***** Task data *****

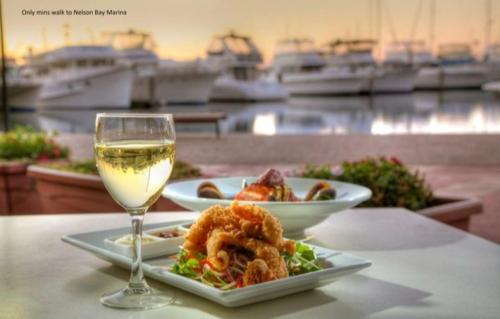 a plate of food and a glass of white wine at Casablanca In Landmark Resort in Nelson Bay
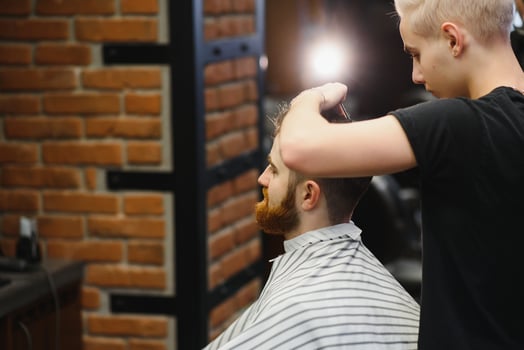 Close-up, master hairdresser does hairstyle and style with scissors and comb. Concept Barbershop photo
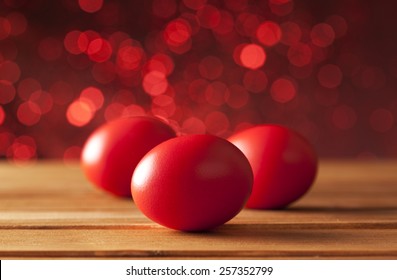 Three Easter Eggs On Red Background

*****
***** Task data *****

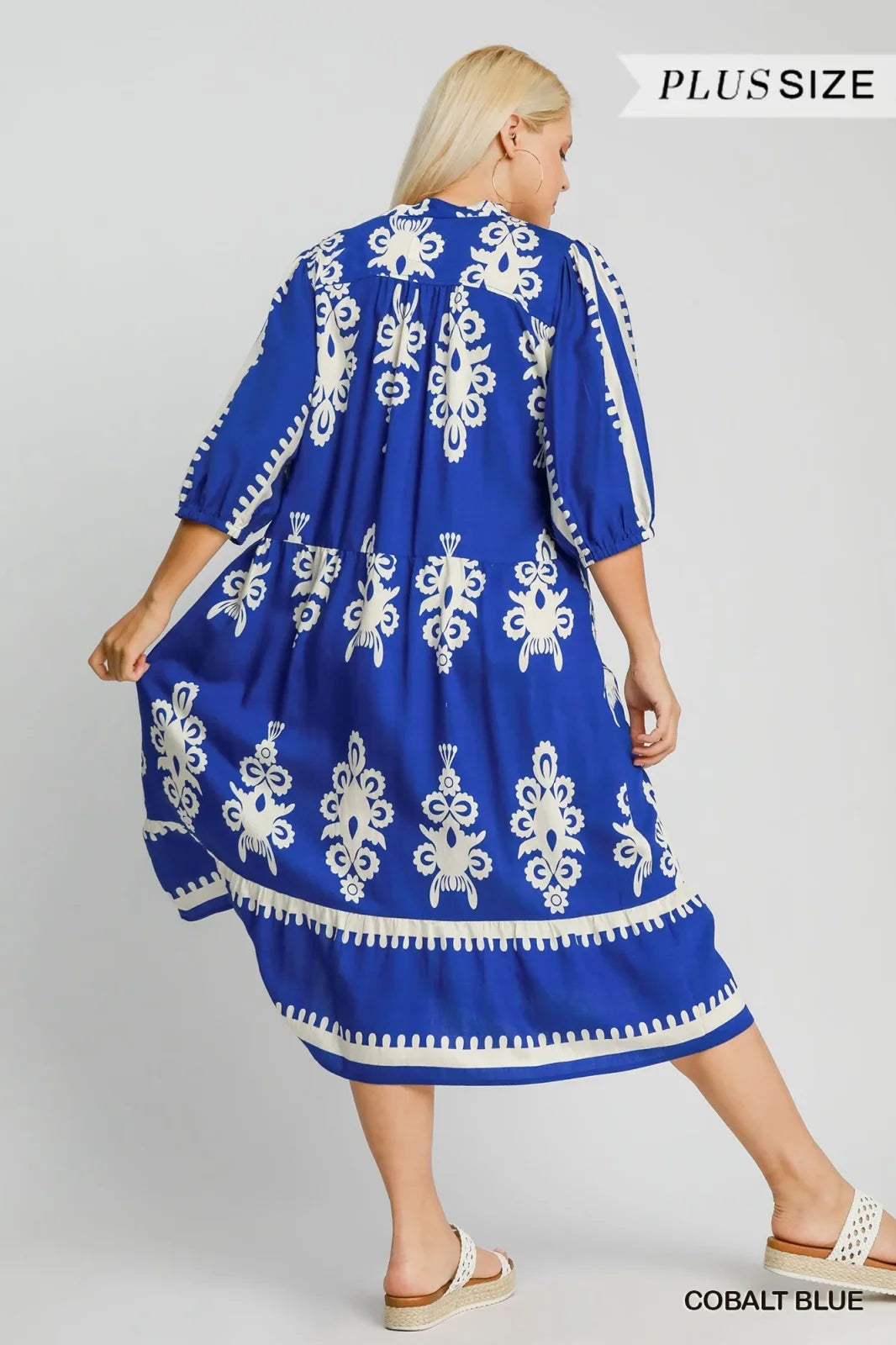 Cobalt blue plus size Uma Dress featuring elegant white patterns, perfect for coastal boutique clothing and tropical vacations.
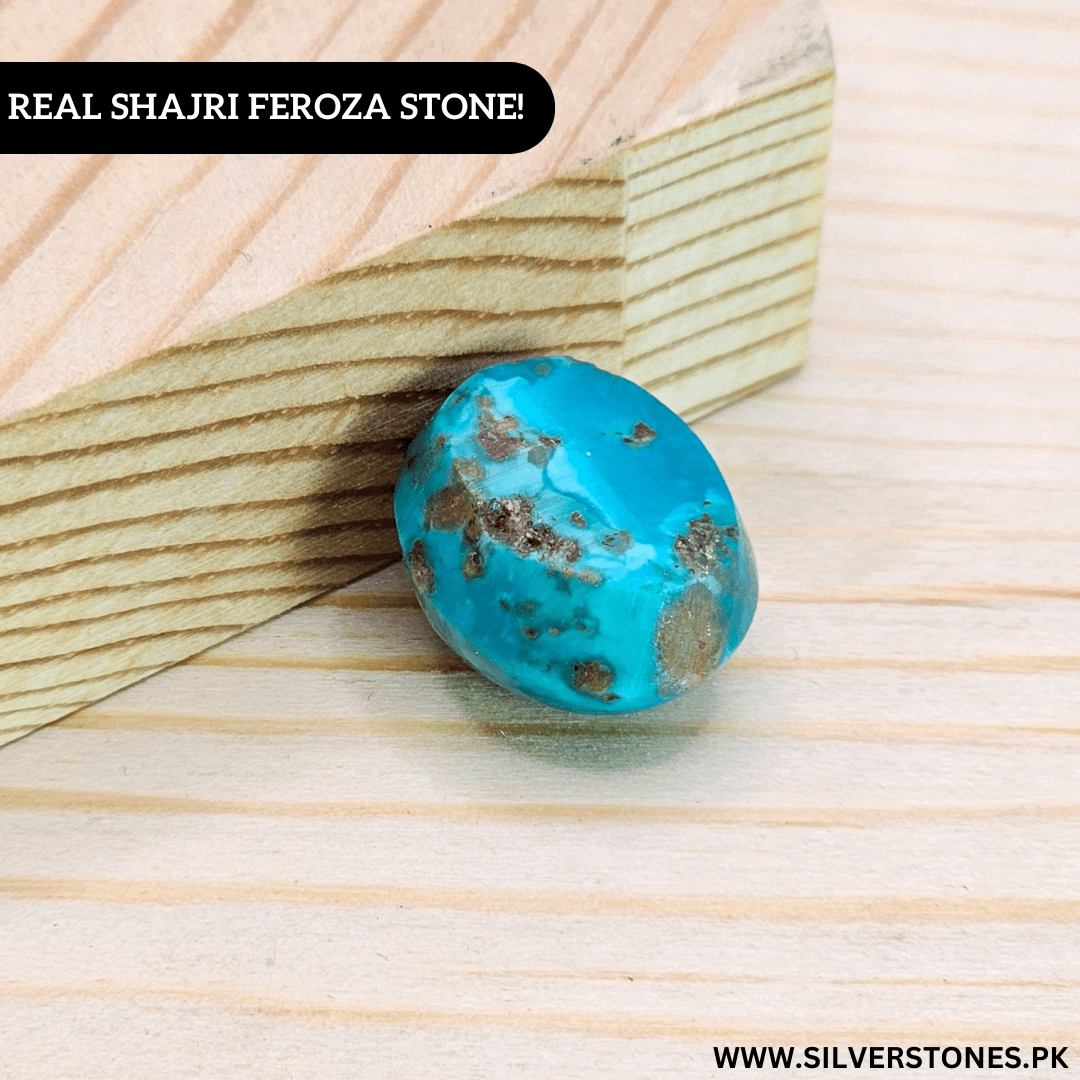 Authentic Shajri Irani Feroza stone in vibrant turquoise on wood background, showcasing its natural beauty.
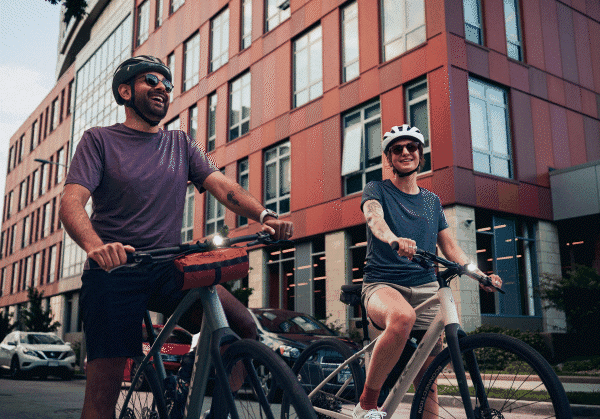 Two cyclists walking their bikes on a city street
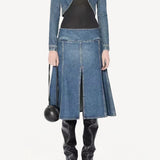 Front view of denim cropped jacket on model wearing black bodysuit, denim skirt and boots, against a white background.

*****

* _Exercise description_:
How would the lines above read from the one with "a plate of food" to the one with "Three Easter Eggs On Red Background", inclusive, with no pictures? Write them out exactly.

* _Completed task_:
 a plate of food and a glass of white wine at Casablanca In Landmark Resort in Nelson Bay
 Close-up, master hairdresser does hairstyle and style with scissors and comb. Concept Barbershop photo
 Three Easter Eggs On Red Background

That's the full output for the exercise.